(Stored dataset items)
● ● ● ● ●
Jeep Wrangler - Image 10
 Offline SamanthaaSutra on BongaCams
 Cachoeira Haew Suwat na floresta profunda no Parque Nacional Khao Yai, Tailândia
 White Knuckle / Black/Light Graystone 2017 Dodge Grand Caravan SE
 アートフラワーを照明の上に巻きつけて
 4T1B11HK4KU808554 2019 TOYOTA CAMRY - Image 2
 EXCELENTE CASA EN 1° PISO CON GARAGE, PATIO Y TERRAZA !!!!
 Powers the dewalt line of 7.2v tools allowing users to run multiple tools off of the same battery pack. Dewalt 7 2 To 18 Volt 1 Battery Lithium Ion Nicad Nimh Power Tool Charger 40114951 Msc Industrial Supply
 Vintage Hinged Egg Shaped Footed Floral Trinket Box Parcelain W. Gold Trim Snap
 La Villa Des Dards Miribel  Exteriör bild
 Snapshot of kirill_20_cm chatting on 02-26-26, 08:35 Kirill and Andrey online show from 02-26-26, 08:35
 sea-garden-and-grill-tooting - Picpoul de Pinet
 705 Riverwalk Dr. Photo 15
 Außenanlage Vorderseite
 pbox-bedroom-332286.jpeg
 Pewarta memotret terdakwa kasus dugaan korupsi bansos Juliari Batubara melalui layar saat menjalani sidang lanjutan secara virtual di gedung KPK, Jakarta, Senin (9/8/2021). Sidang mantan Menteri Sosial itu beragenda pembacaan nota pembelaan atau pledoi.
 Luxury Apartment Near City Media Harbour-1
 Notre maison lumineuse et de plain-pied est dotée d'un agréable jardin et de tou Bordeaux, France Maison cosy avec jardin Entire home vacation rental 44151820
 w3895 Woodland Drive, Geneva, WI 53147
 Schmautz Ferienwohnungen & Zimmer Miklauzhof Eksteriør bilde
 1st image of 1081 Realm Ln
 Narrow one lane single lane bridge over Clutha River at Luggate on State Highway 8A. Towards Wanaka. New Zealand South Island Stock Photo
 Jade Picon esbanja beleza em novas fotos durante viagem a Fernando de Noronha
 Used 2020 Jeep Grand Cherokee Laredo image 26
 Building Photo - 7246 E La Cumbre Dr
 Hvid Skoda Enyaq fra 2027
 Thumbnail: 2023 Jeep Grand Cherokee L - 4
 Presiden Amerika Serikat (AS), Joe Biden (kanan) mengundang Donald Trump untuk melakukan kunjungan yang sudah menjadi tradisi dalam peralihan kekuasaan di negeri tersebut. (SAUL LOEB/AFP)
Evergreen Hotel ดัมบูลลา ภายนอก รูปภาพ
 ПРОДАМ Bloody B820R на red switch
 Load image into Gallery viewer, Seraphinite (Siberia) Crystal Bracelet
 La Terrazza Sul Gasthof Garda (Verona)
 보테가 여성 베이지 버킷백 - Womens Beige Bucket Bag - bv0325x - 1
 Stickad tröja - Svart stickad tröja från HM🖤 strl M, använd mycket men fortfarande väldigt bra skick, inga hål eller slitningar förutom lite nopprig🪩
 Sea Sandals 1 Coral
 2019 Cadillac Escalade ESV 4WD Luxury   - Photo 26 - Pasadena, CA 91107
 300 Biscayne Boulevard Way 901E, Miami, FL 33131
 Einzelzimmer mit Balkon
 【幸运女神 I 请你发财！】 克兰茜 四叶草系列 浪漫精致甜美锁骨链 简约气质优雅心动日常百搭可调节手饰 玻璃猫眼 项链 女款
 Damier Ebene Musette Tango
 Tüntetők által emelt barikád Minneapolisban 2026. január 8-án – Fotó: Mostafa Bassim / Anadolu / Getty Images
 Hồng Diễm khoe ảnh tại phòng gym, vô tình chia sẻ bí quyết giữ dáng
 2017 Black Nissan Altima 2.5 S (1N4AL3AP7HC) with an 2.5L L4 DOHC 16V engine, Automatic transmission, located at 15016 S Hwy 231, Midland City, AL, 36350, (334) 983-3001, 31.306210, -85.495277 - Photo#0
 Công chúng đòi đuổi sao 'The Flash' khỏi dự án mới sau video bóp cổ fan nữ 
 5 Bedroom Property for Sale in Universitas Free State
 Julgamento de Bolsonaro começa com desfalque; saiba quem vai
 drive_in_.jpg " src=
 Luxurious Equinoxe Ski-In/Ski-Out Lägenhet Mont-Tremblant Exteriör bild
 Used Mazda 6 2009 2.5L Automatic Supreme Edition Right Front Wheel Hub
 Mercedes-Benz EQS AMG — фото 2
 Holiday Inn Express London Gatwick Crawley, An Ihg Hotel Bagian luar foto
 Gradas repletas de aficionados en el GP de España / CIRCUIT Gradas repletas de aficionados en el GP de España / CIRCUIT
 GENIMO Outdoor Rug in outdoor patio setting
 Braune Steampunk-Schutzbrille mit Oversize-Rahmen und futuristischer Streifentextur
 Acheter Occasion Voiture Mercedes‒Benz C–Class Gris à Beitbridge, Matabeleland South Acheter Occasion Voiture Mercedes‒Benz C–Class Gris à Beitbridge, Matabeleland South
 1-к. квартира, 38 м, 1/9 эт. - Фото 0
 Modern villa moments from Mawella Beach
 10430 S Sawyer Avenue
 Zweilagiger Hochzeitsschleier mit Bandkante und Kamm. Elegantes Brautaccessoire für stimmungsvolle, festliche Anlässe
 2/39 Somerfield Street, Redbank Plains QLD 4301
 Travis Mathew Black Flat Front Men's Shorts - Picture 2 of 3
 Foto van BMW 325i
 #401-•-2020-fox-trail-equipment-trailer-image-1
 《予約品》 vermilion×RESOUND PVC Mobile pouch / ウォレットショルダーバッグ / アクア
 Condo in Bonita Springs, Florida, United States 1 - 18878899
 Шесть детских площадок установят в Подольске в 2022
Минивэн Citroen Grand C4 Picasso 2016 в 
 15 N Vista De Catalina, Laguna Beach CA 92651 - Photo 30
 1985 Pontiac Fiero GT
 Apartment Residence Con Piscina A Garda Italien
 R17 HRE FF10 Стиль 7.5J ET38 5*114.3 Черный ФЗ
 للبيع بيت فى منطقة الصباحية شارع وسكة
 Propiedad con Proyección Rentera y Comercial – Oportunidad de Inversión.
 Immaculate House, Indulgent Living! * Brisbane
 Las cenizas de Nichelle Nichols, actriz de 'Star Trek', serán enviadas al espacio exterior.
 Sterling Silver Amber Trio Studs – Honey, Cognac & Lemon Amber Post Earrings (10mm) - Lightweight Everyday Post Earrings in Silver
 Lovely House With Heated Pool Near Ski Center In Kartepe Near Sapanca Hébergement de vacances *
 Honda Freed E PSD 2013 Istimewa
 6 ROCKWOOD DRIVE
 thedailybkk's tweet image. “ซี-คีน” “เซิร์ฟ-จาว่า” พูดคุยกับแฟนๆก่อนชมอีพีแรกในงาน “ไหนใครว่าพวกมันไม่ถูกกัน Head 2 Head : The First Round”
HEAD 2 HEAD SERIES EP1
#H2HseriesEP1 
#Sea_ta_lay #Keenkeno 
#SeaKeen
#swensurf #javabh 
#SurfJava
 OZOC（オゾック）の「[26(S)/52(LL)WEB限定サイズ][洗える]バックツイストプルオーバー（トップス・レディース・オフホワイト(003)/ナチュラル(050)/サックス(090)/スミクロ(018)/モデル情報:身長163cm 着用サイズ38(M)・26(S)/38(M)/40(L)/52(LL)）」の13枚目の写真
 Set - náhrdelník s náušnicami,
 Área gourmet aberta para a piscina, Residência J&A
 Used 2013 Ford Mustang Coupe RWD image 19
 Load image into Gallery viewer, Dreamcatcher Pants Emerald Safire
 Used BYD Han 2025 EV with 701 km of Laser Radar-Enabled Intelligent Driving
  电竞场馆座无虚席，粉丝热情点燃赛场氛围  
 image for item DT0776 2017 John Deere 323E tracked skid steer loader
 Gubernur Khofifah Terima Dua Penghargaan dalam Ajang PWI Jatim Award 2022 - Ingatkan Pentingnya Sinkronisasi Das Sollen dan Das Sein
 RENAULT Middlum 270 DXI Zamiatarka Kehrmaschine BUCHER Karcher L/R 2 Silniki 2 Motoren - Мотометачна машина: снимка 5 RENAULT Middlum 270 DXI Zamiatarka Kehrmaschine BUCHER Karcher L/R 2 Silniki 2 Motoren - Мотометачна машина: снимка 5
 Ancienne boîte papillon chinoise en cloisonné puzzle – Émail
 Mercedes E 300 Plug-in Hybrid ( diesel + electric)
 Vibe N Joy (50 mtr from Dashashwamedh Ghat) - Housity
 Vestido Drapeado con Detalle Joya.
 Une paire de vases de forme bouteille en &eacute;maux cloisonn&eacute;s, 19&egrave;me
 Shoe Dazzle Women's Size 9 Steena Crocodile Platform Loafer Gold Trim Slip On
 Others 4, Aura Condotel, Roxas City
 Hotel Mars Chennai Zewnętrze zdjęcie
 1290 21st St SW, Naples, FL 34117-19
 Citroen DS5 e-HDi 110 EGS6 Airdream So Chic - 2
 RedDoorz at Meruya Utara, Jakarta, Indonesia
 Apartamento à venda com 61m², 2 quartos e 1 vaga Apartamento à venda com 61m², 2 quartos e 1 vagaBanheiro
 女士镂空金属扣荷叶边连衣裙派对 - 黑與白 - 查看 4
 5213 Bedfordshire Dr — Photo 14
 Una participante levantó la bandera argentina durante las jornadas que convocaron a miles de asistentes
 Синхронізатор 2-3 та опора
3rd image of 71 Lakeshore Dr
● ● ● ● ●
*Exercise description:*
Retype only the stretch of lines above starting at the one with "Notre maison lumineuse" and stopping at the one with "Thumbnail: 2023 Jeep Grand Cherokee L - 4", exactly as written, with both kept.

*Response for this exercise:*
 Notre maison lumineuse et de plain-pied est dotée d'un agréable jardin et de tou Bordeaux, France Maison cosy avec jardin Entire home vacation rental 44151820
 w3895 Woodland Drive, Geneva, WI 53147
 Schmautz Ferienwohnungen & Zimmer Miklauzhof Eksteriør bilde
 1st image of 1081 Realm Ln
 Narrow one lane single lane bridge over Clutha River at Luggate on State Highway 8A. Towards Wanaka. New Zealand South Island Stock Photo
 Jade Picon esbanja beleza em novas fotos durante viagem a Fernando de Noronha
 Used 2020 Jeep Grand Cherokee Laredo image 26
 Building Photo - 7246 E La Cumbre Dr
 Hvid Skoda Enyaq fra 2027
 Thumbnail: 2023 Jeep Grand Cherokee L - 4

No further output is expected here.